About this exercise:
After reading each line of the entries, give the number of lines that contain "Johnstonville" and nothing else.

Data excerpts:
*****

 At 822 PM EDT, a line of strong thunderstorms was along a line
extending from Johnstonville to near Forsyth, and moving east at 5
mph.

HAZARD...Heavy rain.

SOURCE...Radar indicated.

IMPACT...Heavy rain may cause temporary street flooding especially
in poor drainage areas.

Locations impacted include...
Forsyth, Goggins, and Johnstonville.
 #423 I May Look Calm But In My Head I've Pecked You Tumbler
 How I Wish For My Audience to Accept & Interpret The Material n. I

*****

Response below:
2